- Stored data:

═══

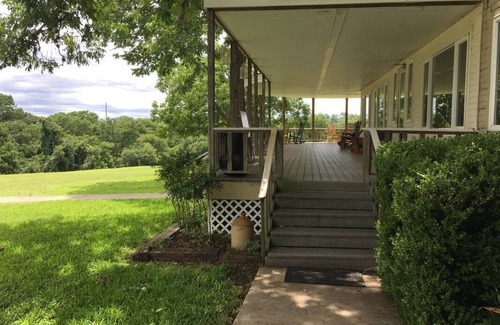 Comfort House | Large House in the Texas Hill Country
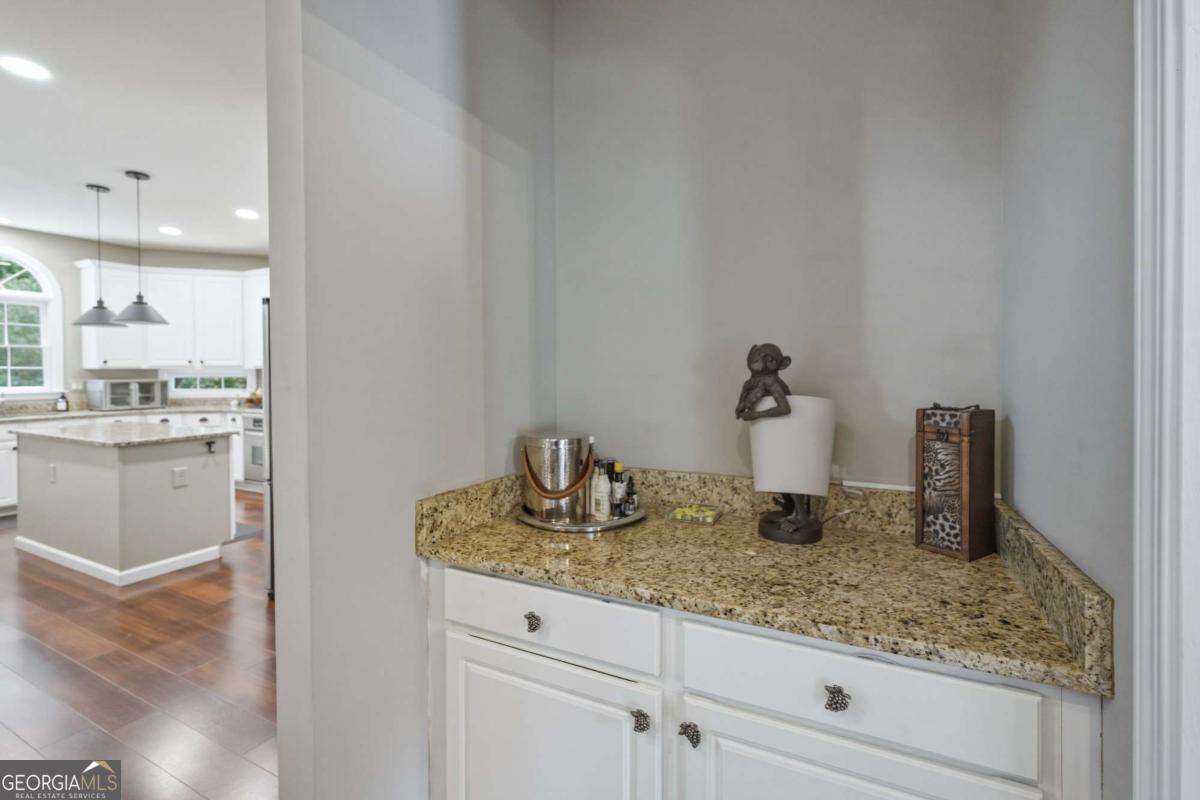 230 Park Creek Drive Property Photo 16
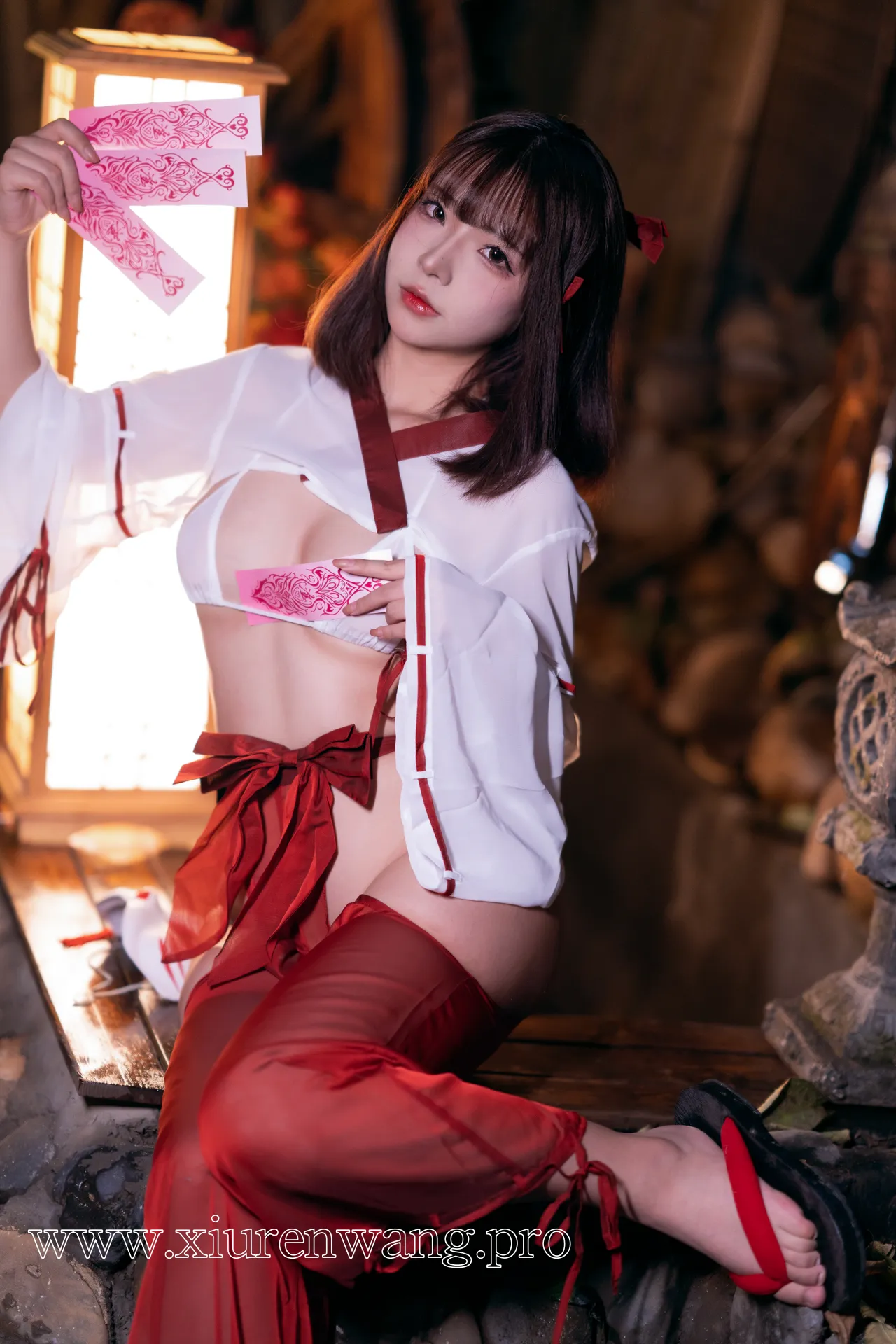 [精品]Kokuhui最新更新！Vol.012《Miko of Wishes 祝巫神女》cos套图作品合集在线观看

═══

- Aim of the task: Exact reproduction is required for the lines from the one containing "230 Park Creek Drive Property Photo 16" through the end of the material, and for those lines only, without pictures.

- Answer section:
 230 Park Creek Drive Property Photo 16
 [精品]Kokuhui最新更新！Vol.012《Miko of Wishes 祝巫神女》cos套图作品合集在线观看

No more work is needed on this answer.